In the 18 months after the initial recall notice, mainstream and social media continued to trend high, souring the digital environment for this cult-like brand. Conversation has been consistently negative, and the brand has struggled to get back to their values and ethos of combining health+ wellness with community.
The impact has had a huge financial impact, with Peloton shares plummeting and never recovering.
Lessons
- Own it up front and put safety first. Peloton came out swinging, but ultimately looked extremely defensive. They then had to do a public about-face with an apology from the CEO and a recall – and let almost two months elapse in between. By failing to address some of the key concerns of consumers and aspects of the recall in the earliest days, the company prolonged its problems and caused potentially irreparable reputational damage.
- Don’t lash out at the regulators. Peloton came out looking heartless in response to the death of a child and the CPSC’s warnings. They were subsequently fined $19 Million for failing to report the hazard, reinforcing the impression that the CPSC was the body taking care of consumers and Peloton was the bad guy.

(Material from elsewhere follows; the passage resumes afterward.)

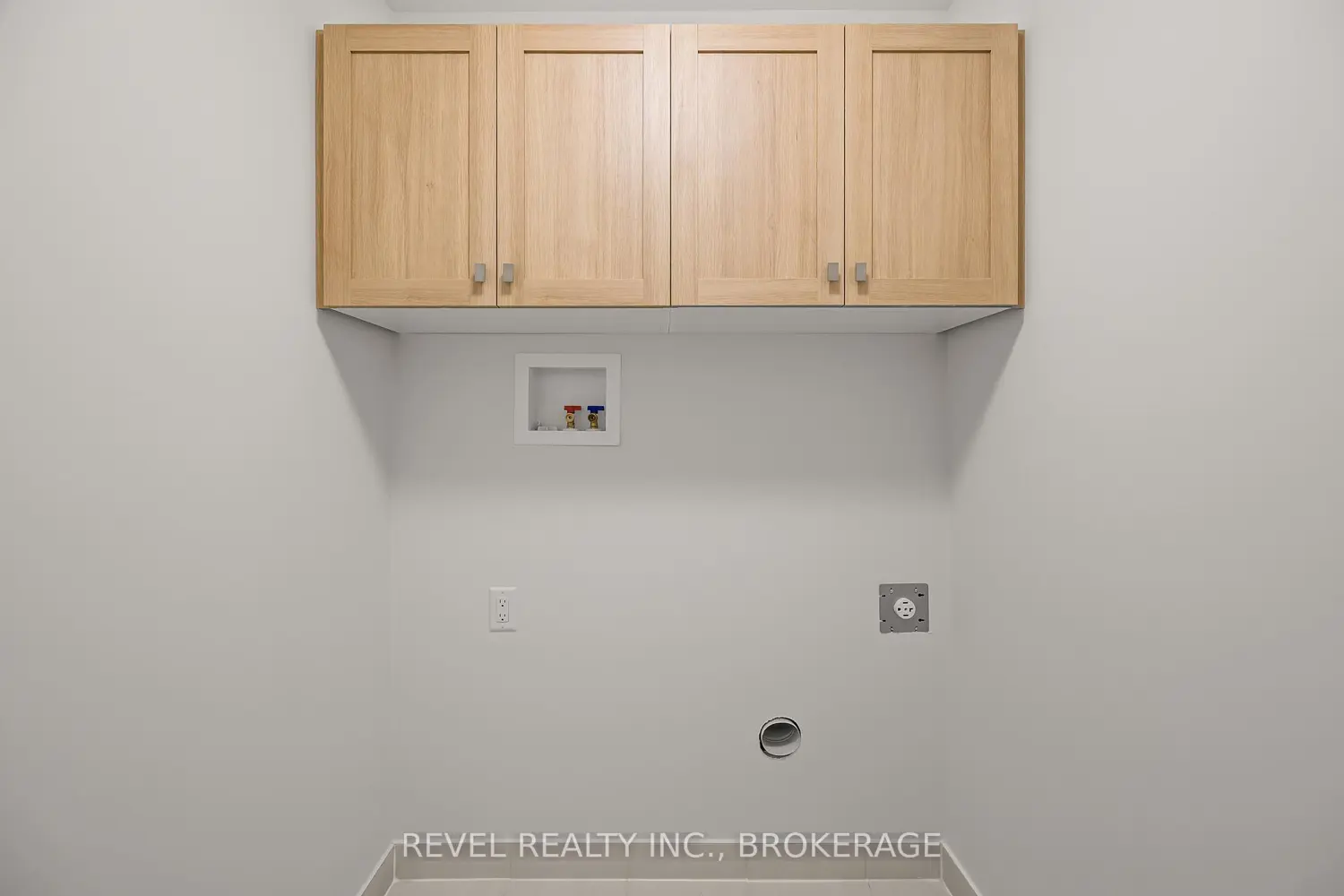 Additional image 11 of 1413 Demers Avenue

- Stay true to your brand values. The response was a complete contradiction against Peloton’s brand – community focused and wellness-oriented. The contrast between the company’s values and how the recall was handled compounded reputational damage.
- Turning the tide gets harder over time. Peloton is now faced with a digital environment, largely driven by direct consumers, that has been mostly negative for a prolonged period of time. Even years later, righting that ship to reactive brand champions and advocates is still difficult.
- The pile-on-factor can hurt your brand. Peloton was not ready for the next wave of negative events, putting itself in a deficit position for the other incidents it faced including the data breach and SITC, both of which would have been manageable issues if it were not for their response to the treadmill recall.
- Stay Humble Peloton was on such a meteoric rise due to their market-leading product that they fell into the trap of thinking they were the only game in town. Peloton faced these issues as newer, cheaper competitors were coming online, giving consumers choice yet they were still acting like they were the only option for interactive, live streamed fitness programs. Just as we’re seeing Netflix struggle with the same attitude, brands who feel impervious to losing equity will soon come face-to-face with the hard truth.